◆ **WHAT TO DO**: Locate the word "Poly" in the material, then show every line that holds it.
── MATERIAL FOR THIS EXERCISE ──
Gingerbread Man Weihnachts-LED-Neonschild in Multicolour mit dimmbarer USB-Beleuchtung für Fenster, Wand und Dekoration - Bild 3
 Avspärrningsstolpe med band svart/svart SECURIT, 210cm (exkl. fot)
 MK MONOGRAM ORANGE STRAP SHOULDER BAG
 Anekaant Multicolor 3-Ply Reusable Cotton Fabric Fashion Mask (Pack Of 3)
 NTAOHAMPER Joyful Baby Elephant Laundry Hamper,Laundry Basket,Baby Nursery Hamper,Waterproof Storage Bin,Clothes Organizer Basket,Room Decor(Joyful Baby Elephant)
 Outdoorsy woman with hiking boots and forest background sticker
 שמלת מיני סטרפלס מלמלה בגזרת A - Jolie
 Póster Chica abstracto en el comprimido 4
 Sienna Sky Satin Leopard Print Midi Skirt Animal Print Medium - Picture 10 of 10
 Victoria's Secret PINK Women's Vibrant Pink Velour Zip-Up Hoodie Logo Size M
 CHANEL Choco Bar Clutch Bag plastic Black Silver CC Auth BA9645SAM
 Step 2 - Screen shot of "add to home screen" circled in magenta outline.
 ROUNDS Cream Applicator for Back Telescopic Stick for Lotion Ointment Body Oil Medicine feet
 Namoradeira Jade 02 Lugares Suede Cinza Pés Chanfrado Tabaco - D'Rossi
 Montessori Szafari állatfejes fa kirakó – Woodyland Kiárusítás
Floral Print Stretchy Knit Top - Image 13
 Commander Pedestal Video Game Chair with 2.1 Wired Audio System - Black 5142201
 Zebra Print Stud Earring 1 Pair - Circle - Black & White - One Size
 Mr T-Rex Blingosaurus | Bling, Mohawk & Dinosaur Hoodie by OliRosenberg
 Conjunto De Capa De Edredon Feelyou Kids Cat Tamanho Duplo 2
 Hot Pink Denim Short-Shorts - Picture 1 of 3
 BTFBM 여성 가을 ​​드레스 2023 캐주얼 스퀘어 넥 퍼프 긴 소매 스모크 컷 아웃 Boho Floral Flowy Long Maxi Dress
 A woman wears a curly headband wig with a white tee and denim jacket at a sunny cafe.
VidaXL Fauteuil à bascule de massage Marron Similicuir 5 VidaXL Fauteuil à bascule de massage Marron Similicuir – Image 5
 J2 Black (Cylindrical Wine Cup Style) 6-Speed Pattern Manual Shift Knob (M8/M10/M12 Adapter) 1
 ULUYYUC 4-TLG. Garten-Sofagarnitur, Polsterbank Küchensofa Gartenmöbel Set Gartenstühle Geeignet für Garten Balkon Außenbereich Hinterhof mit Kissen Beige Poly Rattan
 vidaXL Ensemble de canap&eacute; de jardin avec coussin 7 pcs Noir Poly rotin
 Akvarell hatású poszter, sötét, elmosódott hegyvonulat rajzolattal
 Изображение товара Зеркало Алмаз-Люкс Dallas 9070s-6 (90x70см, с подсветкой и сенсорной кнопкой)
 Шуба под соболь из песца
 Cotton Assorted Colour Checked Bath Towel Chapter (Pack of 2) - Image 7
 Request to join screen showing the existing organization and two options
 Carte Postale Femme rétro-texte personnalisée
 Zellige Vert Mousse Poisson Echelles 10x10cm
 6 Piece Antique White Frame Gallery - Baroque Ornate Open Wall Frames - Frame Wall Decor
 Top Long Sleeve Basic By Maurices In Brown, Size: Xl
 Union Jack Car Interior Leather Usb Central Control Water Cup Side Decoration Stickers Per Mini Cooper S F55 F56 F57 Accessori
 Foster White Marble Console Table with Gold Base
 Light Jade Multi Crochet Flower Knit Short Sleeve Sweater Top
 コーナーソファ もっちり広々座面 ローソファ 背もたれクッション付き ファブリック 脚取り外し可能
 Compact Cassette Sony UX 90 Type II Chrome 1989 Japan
───
◆ **EXERCISE RESPONSE**:
 ULUYYUC 4-TLG. Garten-Sofagarnitur, Polsterbank Küchensofa Gartenmöbel Set Gartenstühle Geeignet für Garten Balkon Außenbereich Hinterhof mit Kissen Beige Poly Rattan
 vidaXL Ensemble de canap&eacute; de jardin avec coussin 7 pcs Noir Poly rotin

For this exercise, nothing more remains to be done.